Sunstone Accepts $453-Million Buyout


Sunstone Hotel Investors Inc., which owns 59 hotels, mostly in the Western U.S., said Tuesday that it accepted a sweetened buyout offer of nearly $453 million by an investor group that includes top Sunstone management.

SHP Acquisition LLP, which plans to take the San Clemente company private, will pay $10.35 per share in cash, a 37% increase over its previous offer in April. In addition, SHP will absorb Sunstone's debt of about $440 million.

Sunstone would become the second major real estate investment trust in Orange County to be taken private this year, an indication of how REITs have fallen out of favor with Wall Street. In June, Orange County's largest landlord, Irvine Apartment Communities, was acquired by Chairman Donald Bren and became a subsidiary of the Irvine Co.

But some analysts voiced concern that Sunstone is being sold for less than its worth. Most real estate investment trusts' stock prices have slumped this year, providing a convenient excuse for companies to go private, perhaps to investors' disadvantage, analysts said.

"The price being paid for these assets is below the net asset value," said Brian Rogers, an analyst at Putnam, Lovell, de Guardiola and Thornton. He estimated the company's value at $12 per share. "It feels to me like an opportunistic purchase," he added.

Sunstone said its second-quarter profit will be less than expected. The real estate investment company said it expects to report funds from operations of 32 to 33 cents a share for the three months, lower than the 35 cents estimated by analysts polled by First Call Corp.

Real estate investment trusts commonly use funds from operations, or net income plus depreciation and before extraordinary items, to measure earnings. That's because the measure is used to calculate dividends.

Sunstone, which went public in 1995, acquires hotels and rebrands the properties under major franchise names, such as Hilton, Marriott and Holiday Inn. It owns hotels with a total of 10,500 rooms.

The company's debt has piled up as it was forced to spend heavily to renovate some of the older hotel properties.

The stock slumped as the company encountered competition from new hotels and found it more difficult to get access to capital. The shares have lost about 20% of their value over the last year.

On Tuesday, the stock closed at $9.44 a share, up 50 cents, on the New York Stock Exchange. A total of 873,000 shares changed hands, more than five times higher than the average daily volume over the last three months.

In becoming a privately held firm, Sunstone should have an easier time raising money for acquisitions, executives said.

As a REIT, the company has been able to shelter income from taxes so long as it pays out most of its profits as dividends.

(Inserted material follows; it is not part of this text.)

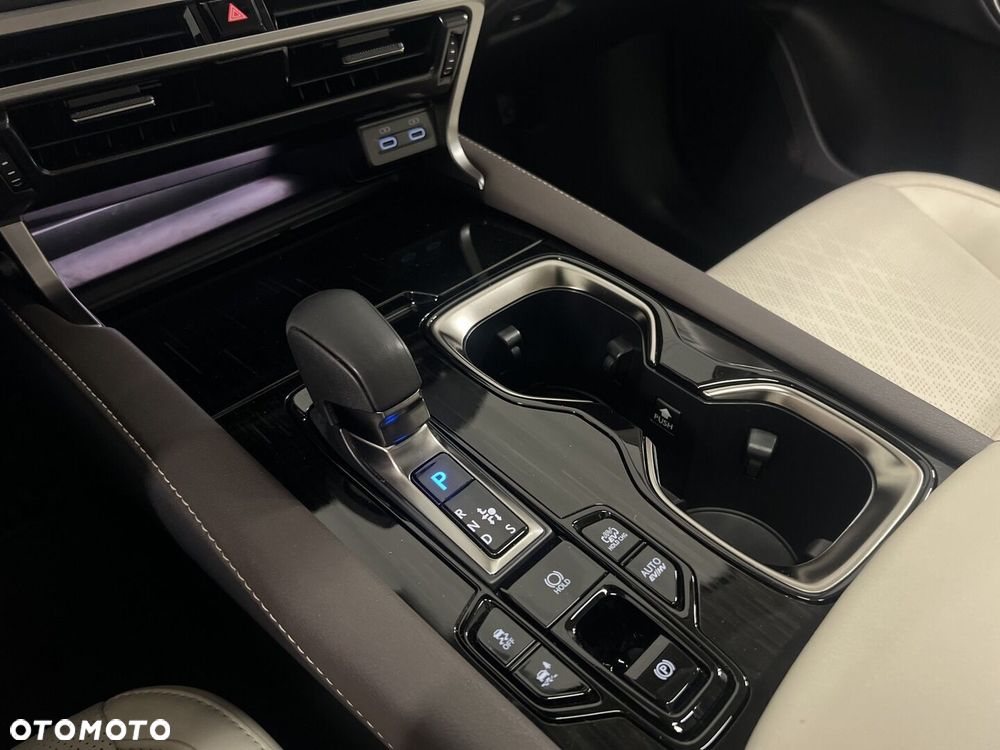 Lexus RX 450h+ F Sport Design - 24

It's also barred from operating its own hotels.

SHP Acquisition is a partnership between Sunstone Chairman Robert Alter, other Sunstone management and Westbrook Partners, a real estate investment firm that already owns a 9.6% stake in the company.

Westbrook would become the majority shareholder, said Alter, who would remain chairman and chief executive.

"Having an investment partner like Westbrook with its large funds and its access to capital will allow Sunstone to continue its strategy," he said.

All of Sunstone's hotels are leased by a closely held company controlled by Alter. His group's ties to the company raised concerns that other buyers, who might have paid more, weren't given a fair opportunity to bid.

A special committee of Sunstone directors solicited other offers, said director Laurence Geller, the committee's chairman. It contacted 40 other prospective buyers, he said, and sent packets of information to 20.

"We kept the playing field level," said Geller, who added that Alter's offer was the highest he received.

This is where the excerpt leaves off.